# ASSIGNED TASK
The required output consists solely of the lines from the line containing "Chat XXX Live _Insomnia__" through the end of the records, copied exactly.

# LISTED RECORDS
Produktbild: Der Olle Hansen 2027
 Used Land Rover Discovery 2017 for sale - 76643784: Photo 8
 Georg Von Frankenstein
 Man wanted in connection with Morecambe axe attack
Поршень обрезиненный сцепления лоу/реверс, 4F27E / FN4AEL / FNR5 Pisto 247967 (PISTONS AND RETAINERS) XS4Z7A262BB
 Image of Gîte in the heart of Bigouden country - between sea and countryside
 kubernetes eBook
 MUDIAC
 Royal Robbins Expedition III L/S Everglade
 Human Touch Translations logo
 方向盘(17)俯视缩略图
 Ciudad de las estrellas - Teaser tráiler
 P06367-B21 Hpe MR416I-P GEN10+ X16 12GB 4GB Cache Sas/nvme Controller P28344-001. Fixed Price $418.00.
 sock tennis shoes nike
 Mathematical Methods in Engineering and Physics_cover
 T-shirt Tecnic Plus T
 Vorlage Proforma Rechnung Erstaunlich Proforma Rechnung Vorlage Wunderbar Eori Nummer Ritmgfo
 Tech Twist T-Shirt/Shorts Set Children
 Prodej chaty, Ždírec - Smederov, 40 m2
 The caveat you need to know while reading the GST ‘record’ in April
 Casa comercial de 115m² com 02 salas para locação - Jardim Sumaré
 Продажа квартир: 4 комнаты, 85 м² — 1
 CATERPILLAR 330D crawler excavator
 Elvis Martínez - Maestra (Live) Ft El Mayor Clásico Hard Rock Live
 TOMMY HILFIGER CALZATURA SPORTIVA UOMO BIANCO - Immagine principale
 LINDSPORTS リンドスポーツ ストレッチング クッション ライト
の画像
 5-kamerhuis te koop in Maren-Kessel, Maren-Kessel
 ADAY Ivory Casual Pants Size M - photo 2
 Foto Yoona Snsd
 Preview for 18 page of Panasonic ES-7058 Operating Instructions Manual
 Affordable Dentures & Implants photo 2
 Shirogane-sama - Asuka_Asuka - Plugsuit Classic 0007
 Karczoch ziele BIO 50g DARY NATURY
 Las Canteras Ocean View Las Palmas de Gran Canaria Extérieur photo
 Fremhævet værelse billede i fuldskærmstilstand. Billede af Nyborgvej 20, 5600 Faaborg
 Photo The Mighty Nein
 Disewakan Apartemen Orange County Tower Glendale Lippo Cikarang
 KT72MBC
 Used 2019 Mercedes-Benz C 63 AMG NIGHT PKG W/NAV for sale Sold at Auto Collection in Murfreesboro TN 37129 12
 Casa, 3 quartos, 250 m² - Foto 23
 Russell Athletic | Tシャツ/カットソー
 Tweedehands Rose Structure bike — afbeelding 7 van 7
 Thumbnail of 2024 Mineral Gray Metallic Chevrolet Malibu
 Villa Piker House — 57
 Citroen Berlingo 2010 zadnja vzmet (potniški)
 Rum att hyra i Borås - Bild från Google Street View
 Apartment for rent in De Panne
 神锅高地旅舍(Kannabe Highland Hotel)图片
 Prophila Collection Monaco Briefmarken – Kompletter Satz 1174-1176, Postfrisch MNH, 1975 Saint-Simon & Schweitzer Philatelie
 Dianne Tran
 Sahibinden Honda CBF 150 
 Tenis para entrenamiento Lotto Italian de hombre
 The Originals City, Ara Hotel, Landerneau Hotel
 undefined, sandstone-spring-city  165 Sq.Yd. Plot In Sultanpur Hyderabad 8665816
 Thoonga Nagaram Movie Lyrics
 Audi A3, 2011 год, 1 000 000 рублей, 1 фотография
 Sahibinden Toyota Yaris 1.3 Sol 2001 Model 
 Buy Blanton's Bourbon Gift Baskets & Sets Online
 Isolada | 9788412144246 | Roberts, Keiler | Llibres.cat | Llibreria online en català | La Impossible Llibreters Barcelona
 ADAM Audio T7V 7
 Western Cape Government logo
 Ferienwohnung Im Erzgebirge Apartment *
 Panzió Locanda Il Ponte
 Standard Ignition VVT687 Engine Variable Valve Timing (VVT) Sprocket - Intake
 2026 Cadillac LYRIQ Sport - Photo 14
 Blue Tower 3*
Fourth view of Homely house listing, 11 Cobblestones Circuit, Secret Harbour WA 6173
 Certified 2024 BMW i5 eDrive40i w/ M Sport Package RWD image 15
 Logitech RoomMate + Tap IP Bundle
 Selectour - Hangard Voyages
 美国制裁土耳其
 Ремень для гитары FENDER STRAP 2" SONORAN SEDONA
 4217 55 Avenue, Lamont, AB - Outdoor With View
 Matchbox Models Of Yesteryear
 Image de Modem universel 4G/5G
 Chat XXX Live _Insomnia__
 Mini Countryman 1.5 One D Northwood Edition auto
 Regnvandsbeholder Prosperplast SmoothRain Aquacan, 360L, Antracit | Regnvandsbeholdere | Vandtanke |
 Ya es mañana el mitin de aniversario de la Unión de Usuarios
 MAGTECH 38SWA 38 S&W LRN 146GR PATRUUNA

# ANSWER FOR THE TASK
 Chat XXX Live _Insomnia__
 Mini Countryman 1.5 One D Northwood Edition auto
 Regnvandsbeholder Prosperplast SmoothRain Aquacan, 360L, Antracit | Regnvandsbeholdere | Vandtanke |
 Ya es mañana el mitin de aniversario de la Unión de Usuarios
 MAGTECH 38SWA 38 S&W LRN 146GR PATRUUNA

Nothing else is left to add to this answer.